DATA FOR PROCESSING START
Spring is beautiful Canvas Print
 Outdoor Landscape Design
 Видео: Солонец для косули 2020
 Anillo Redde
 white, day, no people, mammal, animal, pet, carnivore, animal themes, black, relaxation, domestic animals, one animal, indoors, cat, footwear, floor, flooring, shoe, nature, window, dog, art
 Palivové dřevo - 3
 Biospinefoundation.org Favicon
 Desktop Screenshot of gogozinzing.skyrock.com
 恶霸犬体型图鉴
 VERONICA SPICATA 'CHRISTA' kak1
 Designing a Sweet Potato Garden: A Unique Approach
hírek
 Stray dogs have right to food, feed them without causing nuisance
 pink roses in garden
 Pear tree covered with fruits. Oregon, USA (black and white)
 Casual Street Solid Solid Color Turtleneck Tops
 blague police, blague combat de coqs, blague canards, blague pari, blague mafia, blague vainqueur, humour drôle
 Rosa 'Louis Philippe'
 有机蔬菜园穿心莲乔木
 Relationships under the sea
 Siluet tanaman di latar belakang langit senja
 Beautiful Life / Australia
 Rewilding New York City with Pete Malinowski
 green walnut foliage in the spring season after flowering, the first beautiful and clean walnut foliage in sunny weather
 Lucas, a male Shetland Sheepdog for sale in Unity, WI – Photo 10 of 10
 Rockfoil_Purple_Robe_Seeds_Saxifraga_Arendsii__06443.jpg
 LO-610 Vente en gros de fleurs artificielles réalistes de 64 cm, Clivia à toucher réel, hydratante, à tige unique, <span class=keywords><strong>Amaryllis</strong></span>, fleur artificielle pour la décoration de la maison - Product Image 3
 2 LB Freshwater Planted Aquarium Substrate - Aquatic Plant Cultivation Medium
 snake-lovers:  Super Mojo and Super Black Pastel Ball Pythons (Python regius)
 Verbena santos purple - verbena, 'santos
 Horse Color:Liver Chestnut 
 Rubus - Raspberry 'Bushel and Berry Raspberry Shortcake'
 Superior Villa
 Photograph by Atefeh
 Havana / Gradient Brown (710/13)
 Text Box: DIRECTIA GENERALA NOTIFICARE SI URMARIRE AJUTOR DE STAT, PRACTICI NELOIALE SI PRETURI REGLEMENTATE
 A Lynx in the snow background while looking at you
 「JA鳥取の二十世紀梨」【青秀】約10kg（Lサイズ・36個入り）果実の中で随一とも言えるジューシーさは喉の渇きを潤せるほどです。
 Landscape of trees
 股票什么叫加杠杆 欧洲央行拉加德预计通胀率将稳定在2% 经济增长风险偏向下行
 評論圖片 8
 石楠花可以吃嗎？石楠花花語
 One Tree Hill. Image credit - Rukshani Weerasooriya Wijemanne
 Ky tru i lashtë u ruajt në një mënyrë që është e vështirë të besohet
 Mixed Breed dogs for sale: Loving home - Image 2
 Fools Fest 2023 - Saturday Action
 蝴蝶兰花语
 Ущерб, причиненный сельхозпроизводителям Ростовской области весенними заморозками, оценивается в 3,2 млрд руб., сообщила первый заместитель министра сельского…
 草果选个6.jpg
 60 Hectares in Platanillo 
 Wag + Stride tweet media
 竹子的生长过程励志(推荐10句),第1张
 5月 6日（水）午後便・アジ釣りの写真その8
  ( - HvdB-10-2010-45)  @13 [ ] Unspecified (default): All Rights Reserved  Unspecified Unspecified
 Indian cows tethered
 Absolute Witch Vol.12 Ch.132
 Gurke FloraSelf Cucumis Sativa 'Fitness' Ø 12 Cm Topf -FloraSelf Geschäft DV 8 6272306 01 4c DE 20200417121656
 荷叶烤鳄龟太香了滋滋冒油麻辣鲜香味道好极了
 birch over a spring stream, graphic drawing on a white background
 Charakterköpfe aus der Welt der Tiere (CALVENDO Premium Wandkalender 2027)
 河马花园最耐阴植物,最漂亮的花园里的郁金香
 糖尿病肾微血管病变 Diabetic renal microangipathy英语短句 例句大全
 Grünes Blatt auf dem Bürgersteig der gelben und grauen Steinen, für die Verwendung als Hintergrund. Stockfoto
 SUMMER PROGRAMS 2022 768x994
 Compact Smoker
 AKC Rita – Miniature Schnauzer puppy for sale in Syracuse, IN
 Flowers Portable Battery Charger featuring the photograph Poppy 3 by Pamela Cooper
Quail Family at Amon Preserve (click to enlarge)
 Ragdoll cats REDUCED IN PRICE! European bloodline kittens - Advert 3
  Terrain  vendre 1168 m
DATA FOR PROCESSING END
The response must hold only the lines above from the line with "Stray dogs have" through the line with "Rewilding New York City with Pete Malinowski", each copied exactly, both ends kept.

 Stray dogs have right to food, feed them without causing nuisance
 pink roses in garden
 Pear tree covered with fruits. Oregon, USA (black and white)
 Casual Street Solid Solid Color Turtleneck Tops
 blague police, blague combat de coqs, blague canards, blague pari, blague mafia, blague vainqueur, humour drôle
 Rosa 'Louis Philippe'
 有机蔬菜园穿心莲乔木
 Relationships under the sea
 Siluet tanaman di latar belakang langit senja
 Beautiful Life / Australia
 Rewilding New York City with Pete Malinowski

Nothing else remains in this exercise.